How to Enroll in the Illinois AAIP
You apply for AAIP through a licensed insurance agent or broker — you cannot apply directly to the state. The agent submits your application to the Illinois AAIP servicing office, which assigns you to a participating carrier within 10 business days. The assigned carrier contacts you with a quote at state-approved rates.
You must accept the quote and pay the first installment to bind coverage. Once bound, the carrier files your SR-22 electronically if you have an active filing requirement. The filing appears in the Secretary of State system within 48 hours and your license reinstatement or compliance period begins.
AAIP policies renew annually. You remain in the assigned risk pool until a voluntary carrier is willing to write you. That typically happens 12–24 months into clean driving after your violation — earlier if you complete a defensive driving course or maintain continuous coverage without lapses.
What AAIP Coverage Costs in Illinois
AAIP rates are set by the state and filed annually by each participating carrier. A driver with a single DUI typically pays $180–$280 per month for state minimum liability coverage through AAIP. A driver with multiple violations or an at-fault accident while uninsured can pay $300–$450 per month for the same coverage.
These rates include the cost of SR-22 filing if required. AAIP carriers do not offer multi-policy discounts, good driver discounts, or telematics programs. The rate you're quoted is the rate you pay. Payment plans are available — most AAIP carriers allow monthly installments with a $5–$10 installment fee per payment.
Estimates based on available industry data; individual rates vary by driving history, vehicle, coverage selections, and exact violation type. AAIP is the most expensive legal coverage option in Illinois, but it is often the only option for drivers with recent high-risk violations.
How to Exit AAIP and Return to the Voluntary Market
You exit AAIP by shopping the voluntary market every 6–12 months and requesting quotes from carriers that write high-risk policies. Progressive, The General, Dairyland, and Bristol West actively quote drivers with DUIs and SR-22 requirements in Illinois. If a voluntary carrier offers you coverage, you can cancel your AAIP policy and switch.
Your AAIP policy does not automatically end when you become eligible for voluntary coverage. You must actively shop, bind a new policy, and cancel AAIP in writing. If you cancel AAIP without replacement coverage in place, your SR-22 lapses and the state suspends your license immediately.

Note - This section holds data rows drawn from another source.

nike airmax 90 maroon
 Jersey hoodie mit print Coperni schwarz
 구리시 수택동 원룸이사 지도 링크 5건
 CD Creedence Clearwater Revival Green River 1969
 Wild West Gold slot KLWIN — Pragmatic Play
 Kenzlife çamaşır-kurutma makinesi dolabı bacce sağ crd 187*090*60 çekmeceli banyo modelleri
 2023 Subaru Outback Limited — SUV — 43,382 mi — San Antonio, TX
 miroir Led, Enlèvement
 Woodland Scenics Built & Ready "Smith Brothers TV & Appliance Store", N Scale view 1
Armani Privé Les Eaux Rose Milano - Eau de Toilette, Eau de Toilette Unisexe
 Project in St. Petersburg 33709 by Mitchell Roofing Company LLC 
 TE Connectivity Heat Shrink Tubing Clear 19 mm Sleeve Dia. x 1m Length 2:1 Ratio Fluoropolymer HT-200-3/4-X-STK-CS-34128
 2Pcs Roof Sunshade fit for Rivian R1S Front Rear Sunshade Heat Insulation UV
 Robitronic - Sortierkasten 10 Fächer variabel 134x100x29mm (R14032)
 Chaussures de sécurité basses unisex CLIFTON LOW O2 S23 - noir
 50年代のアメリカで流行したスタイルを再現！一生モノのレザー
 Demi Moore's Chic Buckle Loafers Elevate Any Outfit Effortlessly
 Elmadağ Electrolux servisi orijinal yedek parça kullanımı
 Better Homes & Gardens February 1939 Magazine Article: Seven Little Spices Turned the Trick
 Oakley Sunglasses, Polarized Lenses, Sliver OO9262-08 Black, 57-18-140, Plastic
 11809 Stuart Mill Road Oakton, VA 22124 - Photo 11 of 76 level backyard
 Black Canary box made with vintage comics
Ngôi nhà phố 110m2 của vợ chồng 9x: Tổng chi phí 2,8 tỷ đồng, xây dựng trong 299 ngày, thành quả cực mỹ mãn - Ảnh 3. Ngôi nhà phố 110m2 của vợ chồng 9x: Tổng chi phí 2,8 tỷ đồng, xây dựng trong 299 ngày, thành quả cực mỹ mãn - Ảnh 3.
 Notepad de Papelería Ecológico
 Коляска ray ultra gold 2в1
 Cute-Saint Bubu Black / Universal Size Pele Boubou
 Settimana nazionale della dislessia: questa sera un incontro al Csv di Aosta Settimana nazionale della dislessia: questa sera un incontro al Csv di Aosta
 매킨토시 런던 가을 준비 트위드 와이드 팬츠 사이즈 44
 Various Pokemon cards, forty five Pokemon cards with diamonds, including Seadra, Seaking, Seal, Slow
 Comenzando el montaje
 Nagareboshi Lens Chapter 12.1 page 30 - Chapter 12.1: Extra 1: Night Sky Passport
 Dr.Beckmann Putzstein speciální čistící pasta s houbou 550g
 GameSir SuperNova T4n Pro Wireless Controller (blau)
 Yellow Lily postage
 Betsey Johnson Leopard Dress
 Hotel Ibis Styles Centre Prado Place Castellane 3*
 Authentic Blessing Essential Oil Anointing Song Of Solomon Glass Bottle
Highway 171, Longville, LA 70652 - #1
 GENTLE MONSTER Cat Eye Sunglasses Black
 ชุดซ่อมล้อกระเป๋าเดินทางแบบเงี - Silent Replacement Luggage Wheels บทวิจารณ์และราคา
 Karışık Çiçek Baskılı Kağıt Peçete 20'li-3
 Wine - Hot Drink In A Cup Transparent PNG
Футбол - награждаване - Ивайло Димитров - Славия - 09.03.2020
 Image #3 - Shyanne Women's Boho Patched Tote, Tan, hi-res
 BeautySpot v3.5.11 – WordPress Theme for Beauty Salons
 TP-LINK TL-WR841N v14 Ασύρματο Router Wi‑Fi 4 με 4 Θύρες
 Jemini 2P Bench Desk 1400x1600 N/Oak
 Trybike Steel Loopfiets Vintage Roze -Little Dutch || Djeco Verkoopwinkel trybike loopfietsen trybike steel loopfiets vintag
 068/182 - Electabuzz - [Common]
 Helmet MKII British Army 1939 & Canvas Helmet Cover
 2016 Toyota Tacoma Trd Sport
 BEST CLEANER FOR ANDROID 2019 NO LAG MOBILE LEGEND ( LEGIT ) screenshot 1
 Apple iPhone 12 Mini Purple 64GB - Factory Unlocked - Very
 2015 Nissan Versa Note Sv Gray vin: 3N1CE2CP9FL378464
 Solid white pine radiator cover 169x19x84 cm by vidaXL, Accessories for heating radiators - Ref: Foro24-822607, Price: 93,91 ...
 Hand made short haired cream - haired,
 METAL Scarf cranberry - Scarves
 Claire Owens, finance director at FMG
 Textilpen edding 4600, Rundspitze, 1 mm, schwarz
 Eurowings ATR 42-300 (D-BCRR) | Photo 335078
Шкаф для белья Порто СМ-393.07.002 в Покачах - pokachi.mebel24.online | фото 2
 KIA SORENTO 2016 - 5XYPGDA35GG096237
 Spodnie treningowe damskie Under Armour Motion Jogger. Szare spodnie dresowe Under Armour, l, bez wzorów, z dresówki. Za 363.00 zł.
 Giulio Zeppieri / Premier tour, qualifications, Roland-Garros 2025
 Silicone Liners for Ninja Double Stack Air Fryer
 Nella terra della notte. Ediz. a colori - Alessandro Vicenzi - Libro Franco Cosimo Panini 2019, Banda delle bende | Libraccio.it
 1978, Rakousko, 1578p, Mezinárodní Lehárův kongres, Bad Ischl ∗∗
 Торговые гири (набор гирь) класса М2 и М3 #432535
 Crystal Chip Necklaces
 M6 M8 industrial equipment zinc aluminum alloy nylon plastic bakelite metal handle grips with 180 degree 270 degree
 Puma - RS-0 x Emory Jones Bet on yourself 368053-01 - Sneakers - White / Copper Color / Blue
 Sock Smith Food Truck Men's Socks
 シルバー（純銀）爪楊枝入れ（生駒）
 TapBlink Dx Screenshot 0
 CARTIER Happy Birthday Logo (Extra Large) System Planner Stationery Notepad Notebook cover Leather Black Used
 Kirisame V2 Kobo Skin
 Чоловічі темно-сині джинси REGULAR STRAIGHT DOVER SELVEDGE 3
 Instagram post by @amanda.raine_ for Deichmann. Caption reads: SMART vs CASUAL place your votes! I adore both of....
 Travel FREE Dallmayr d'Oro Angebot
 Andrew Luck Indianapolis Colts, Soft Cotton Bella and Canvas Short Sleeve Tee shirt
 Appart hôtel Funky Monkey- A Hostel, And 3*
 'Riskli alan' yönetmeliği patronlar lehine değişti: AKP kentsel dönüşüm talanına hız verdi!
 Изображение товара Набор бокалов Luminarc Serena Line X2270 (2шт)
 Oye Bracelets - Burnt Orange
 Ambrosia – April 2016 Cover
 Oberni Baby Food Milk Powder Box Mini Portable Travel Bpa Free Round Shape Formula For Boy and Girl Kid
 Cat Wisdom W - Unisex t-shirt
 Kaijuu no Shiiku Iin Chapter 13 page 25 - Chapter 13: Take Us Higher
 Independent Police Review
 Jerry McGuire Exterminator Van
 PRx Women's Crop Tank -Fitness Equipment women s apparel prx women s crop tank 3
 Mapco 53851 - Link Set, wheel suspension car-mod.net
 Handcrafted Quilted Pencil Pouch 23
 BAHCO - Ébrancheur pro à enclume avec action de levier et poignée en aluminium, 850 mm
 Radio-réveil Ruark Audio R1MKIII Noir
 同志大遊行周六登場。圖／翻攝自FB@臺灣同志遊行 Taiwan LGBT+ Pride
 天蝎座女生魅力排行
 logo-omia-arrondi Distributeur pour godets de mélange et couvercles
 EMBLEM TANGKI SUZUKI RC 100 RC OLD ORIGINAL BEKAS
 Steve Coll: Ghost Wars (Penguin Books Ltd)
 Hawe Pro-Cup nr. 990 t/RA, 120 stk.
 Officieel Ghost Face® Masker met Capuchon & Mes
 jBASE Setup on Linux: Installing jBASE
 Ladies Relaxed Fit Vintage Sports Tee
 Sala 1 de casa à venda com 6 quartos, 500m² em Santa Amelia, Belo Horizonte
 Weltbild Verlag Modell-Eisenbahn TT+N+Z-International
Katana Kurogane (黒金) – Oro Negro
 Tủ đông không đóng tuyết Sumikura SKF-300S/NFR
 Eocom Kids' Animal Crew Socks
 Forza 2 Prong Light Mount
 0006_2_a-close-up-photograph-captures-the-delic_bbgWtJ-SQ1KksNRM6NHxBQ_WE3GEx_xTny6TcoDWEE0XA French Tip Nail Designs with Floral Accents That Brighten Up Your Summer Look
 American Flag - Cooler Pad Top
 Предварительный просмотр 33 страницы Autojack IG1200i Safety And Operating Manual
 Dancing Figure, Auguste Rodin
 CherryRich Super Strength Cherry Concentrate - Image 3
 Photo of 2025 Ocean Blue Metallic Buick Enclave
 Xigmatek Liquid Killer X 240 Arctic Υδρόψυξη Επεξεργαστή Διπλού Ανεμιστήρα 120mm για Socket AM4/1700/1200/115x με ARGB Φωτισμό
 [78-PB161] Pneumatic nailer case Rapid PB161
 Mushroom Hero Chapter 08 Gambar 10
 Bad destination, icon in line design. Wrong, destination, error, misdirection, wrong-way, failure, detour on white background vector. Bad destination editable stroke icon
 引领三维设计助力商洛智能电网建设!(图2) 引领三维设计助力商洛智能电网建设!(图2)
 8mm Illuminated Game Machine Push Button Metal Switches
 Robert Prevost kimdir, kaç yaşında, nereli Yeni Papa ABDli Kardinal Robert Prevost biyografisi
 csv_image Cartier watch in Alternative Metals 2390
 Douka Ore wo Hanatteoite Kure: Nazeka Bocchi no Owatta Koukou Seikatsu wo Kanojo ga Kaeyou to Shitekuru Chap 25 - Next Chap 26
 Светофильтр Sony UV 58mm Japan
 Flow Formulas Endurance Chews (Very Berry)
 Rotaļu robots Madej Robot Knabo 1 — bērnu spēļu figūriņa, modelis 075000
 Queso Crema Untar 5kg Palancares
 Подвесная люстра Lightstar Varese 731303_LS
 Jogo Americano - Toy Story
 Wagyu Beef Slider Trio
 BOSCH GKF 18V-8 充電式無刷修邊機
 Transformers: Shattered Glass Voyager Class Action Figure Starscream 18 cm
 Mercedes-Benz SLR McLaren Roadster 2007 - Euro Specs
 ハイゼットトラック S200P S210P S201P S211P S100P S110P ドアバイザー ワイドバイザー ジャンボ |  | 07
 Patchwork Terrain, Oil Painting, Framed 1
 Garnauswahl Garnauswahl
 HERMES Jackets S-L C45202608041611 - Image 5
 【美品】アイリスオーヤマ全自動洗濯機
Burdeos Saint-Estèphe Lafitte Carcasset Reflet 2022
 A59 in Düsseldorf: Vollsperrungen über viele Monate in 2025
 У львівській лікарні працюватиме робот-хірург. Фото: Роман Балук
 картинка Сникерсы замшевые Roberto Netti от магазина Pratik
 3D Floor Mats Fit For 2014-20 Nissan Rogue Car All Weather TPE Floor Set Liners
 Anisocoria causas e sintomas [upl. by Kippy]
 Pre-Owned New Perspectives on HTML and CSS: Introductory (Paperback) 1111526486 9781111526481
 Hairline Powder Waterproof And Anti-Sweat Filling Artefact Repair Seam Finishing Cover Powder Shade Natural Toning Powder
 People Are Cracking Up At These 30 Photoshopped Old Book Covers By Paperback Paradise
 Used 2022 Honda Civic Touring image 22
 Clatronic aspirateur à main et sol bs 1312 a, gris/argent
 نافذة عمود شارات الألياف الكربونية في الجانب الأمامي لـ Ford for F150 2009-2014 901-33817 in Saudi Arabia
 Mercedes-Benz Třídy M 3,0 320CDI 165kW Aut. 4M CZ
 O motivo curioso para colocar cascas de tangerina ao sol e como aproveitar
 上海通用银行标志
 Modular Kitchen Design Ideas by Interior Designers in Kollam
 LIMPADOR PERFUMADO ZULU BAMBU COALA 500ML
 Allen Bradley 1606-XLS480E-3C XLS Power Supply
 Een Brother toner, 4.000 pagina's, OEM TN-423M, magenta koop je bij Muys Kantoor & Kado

Most drivers exit AAIP 12–18 months after enrollment if they maintain continuous coverage and avoid new violations. Completing an Illinois-approved defensive driving course can make you eligible for voluntary market coverage 6 months earlier. The course does not reduce your SR-22 filing period, but it signals lower risk to underwriters and can reduce your premium 10–15% once you're back in the voluntary market.